My husband tells me every day how much he loves me, and he shows me that love all the time. The problem is that we’ve been married for five months and everyone notices that he’s always staring at other women. I am embarrassed by this. He says he’s not aware of it. I’m so angry. I am a beautiful woman for my age. What do you suggest that I do?
I really enjoyed this question because I think this is a situation that can be easily remedied with a touch of understanding and a dollop of kindness. I feel your husband’s embarrassment here, and I’m going to ask you to tread lightly with him for a time. First and foremost, it is obvious to me that your husband is very smitten with you. There is no other woman he’d rather make love to, and he has no desire to stray from you at all.
Still, like all people, he is hardwired biologically to seek diversity in mating. It’s very simple what is happening here … His ‘reptilian’ brain is sending signals to him to scope for potential mates. It’s something we all do. You do it, too. The difference is that you are very discreet about it. Most people are. We all have our little gazing flirtations, in the market, at the library … Some people are highly visual in their inclinations … like your husband. He is also very taken with aesthetic qualities — he likes pretty things and pretty girls. This is very healthy and normal.
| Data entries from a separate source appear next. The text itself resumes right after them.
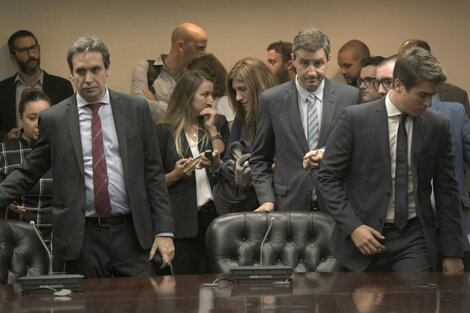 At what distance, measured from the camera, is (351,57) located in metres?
7.59

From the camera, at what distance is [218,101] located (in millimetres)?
6328

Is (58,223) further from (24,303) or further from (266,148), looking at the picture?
(266,148)

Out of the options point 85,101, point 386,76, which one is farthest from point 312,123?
point 85,101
It does become a problem if his looking is attracting a lot of attention. I believe he is being very honest when he says he doesn’t notice what he’s doing — many guys don’t. It’s nature at work, just business as usual in the animal kingdom. For some people, discretion is a little harder to come by. I feel that your husband is a bit rough around the edges when it comes to a lot of social proprieties. He misses social cues and doesn’t always read people well. No matter, he makes up for it with his goodness and his honesty.
What you need to do is very simple. When you notice him staring at a pretty girl, give him a little tap on the hand, just to get his attention back on you. Don’t judge him or scold him. He feels awkward enough already. Later, if you want, ask him what he found appealing about the girl. Be nice about it — she’s no competition for you –.just be curious, and pay attention. After a time, as the two of you openly talk about what he is attracted to and why, I have a feeling he won’t be staring in such an obvious fashion anymore. He’s a good man, Angie. Don’t let a quirk or two bring you down.